Cardenas v. Gonzales
This text of 177 F. App'x 612 (Cardenas v. Gonzales) is published on Counsel Stack Legal Research, covering Court of Appeals for the Ninth Circuit primary law. Counsel Stack provides free access to over 12 million legal documents including statutes, case law, regulations, and constitutions.
Opinion
MEMORANDUM
Armando Millan Cardenas, a native and citizen of Mexico, petitions for review of the Board of Immigration Appeals’ (“BIA”) order dismissing his appeal from an immigration judge’s order denying his motion to reopen deportation proceedings conducted in absentia. We have jurisdiction under 8 U.S.C. § 1252. Reviewing for abuse of discretion, Urbina-Osejo v. INS, 124 F.3d 1314, 1316 (9th Cir.1997), we deny the petition for review.

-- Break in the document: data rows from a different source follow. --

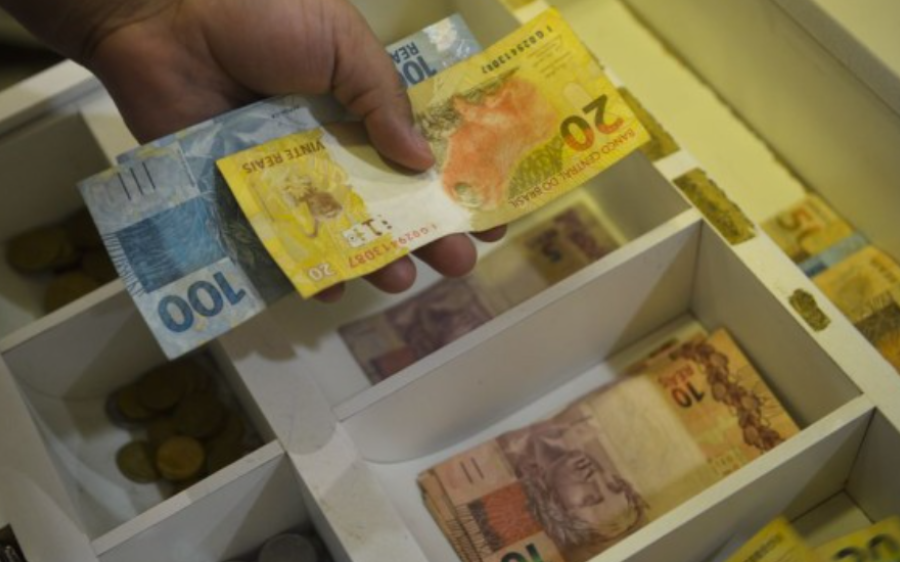 Portabilidade de consignado para CLT entre bancos começa a valer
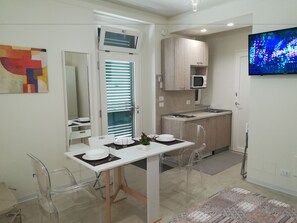 Estudio Confort | Servicio de comidas en la habitación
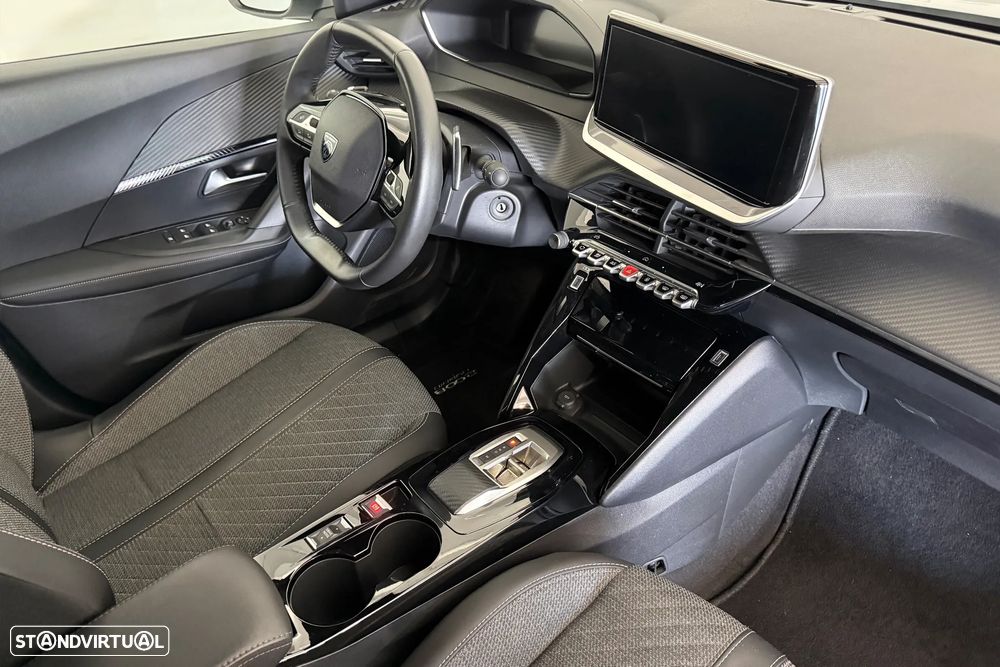 Peugeot 2008 1.2 Hybrid Allure e-DCS6 - 6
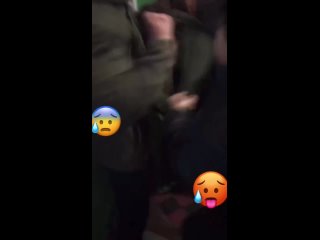 video двое молодые пришли забрать долг у местного наркомана но с самого начала всё пошло не по плану и закончилось дракой sex
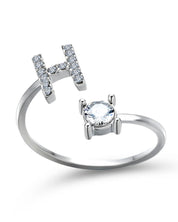 Zirka™ |Offener Zirkonia-Ring mit Initialen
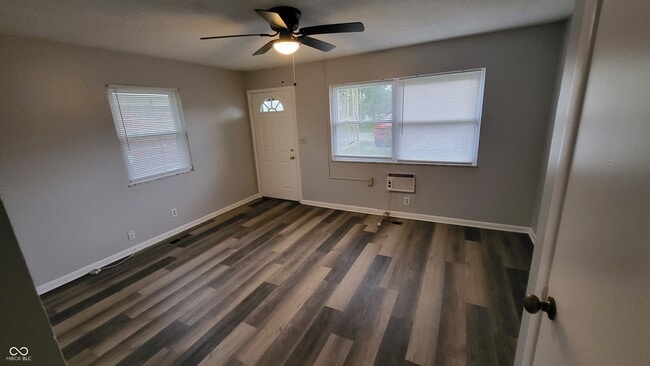 Building Photo - 6203 E 11th St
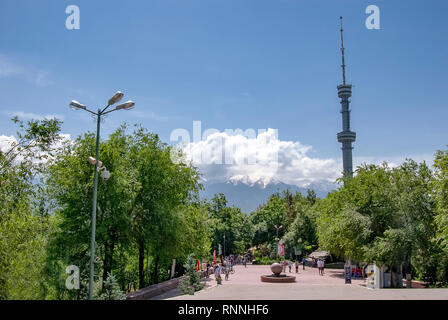 Kok Tobe Hill ist eine der wichtigsten Sehenswürdigkeiten in Almaty, Kasachstan Stockfoto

The BIA did not abuse its discretion in dismissing Millan Cardenas’s appeal because the Order to Show Cause and Notice of Hearing were sent by certified mail to the address listed on his asylum application, and a signed receipt was obtained. Millan Cardenas’s contentions that he never lived at that address and did not personally sign the receipt are unavailing. See Dobrota v. INS, 311 F.3d 1206, 1213 (9th Cir.2002) (“[A] valid address provided for notice purposes need not be that of the alien’s own residence.”); Farhoud v. INS, 122 F.3d 794, 796 (9th Cir.1997) (“An alien does not have to actually receive notice of a deportation hearing in order for the requirements of due process to be satisfied.”).
PETITION FOR REVIEW DENIED.
This disposition is not appropriate for publication and may not be cited to or by the courts of this circuit except as provided by 9th Cir. R. 36-3.